Living history museum in Indianapolis, Indiana, US

Freetown Village is a living history museum founded in 1982 by Indianapolis teacher, Ophelia Wellington. It is described as a museum without walls and brings to life the stories of over 3,000 African Americans during the post-Civil War era.

== History and development ==
Wellington combined her profession in education and background in performing arts to create programming that highlights historical accounts of 3,000 African Americans that migrated north to what was the old Fourth Ward of Indianapolis in the 1870 period. Actors and singers that portray different characters from the Freetown Village are sent to do programming throughout Indiana and surrounding states. Over 60 predominantly African American Indianapolis settlements that became home to former slaves fleeing the south, are represented in the Freetown Village portrayals.

The museum's creation was born out of the need to educate children about their history. Wellington was inspired to consider the importance of understanding the period after the emancipation after reading the Old Testament in the Bible. September 14, 2001, was proclaimed Freetown Village Day in Indianapolis by Assistant deputy Mayor, Keira Amstutz.

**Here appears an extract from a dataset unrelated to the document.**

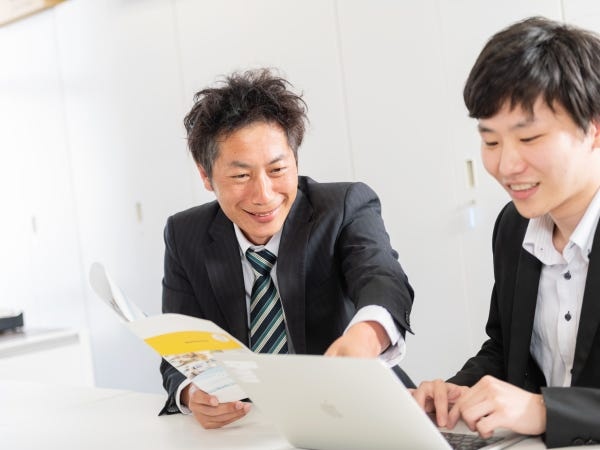 今年入社した新入社員と先輩社員です☆毎年新しい仲間が入ってきます♪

=== Indiana State Museum controversy ===
Freetown Village became a trusted organization in Indianapolis for its portrayal of Black history. In September 2001, Freetown Village was announced to be the first independent entity to be housed at Indiana State Museum, fortifying their collaborative relationship spanning 18 years. This came a year ahead of the state museum's grand opening in May 2002. The Lilly Endowment gave $2.5 million to support the creation of a space that would highlight and celebrate Indiana's African American history. The entire project would cost the museum around $5 million. A few weeks before the grand opening, the Indiana State Museum announced that the Freetown Museum would no longer be a part of the previously announced African American Living History theatre, citing expectation issues during contract negotiations. There were financial discrepancies over the financial responsibility that Freetown Village had in fundraising efforts. The Indiana State Museum decided to move forward with the creation of the exhibit and the CEO, Doug Noble offered for Freetown Village to perform at the new exhibit but not as a permanent residency.

== Programs and events ==

=== Freetown Village Singers ===
The Freetown Village Singers present history through song, many of which are songs that were sung at religious gatherings, work, and leisure time from over a hundred years ago. Most of the songs being folk songs and negro spirituals. During the presentation, the singers interpret some of the meaning behind the songs and the historical context of which the song was used.

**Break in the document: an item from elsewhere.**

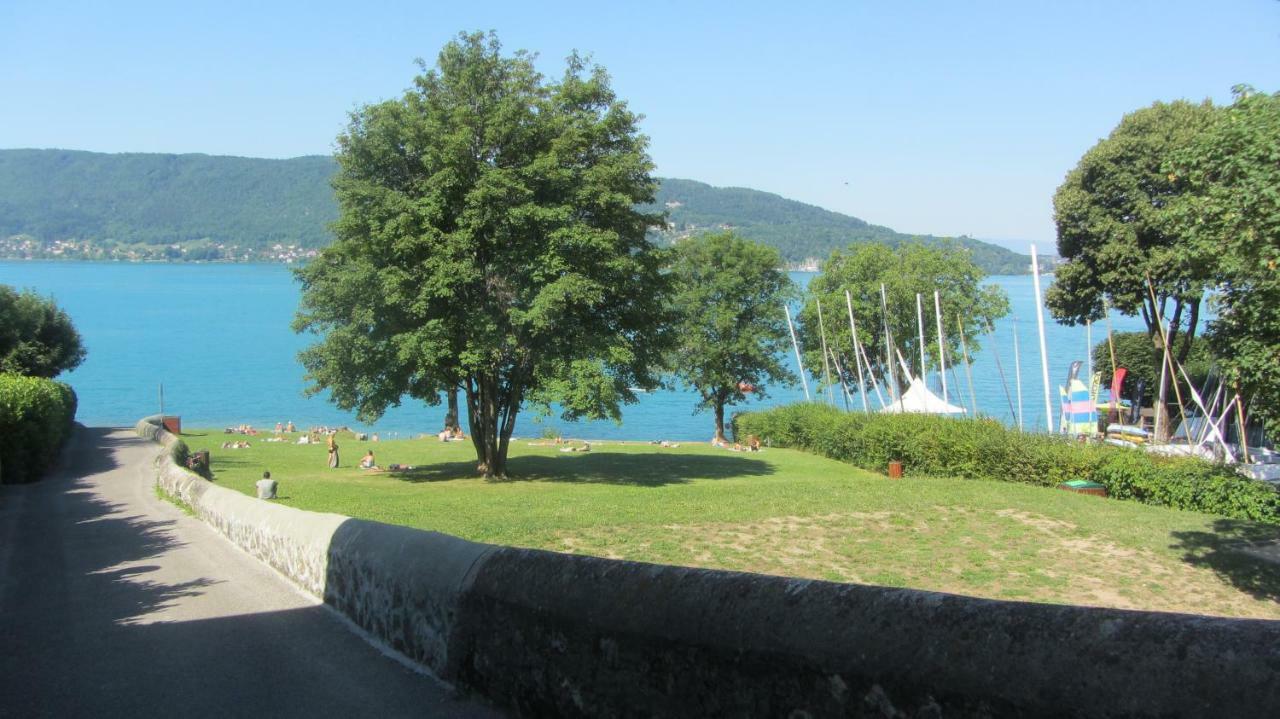 Villa Le Lac Cottage Au Bord Du Lac D'Annecy - Chambre Chez L'Habitant - Les Terrasses Du Lac Veyrier-du-Lac Zewnętrze zdjęcie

=== Freetown Evening Dinner ===
This dinner is an opportunity to be immersed in the Freetown Village experience through food and authenitic period entertainment. A full course meal is served and guests are encouraged to be active participants in parlor games, storytelling and songs. These dinners happen periodically, year round and private dinners with groups of 30 or more can also be arranged.

=== The Madam Walker Story ===
Freetown Village brings the story of Madam C.J. Walker into a program that highlights her as a trailblazer, entrepreneur, and activist.

=== Conversation in Indiana African Amercican History and Culture ===
This program occurs monthly and highlights a variety of voices such as historians, researchers, and educators to share a deeper understanding of African American history in Indiana.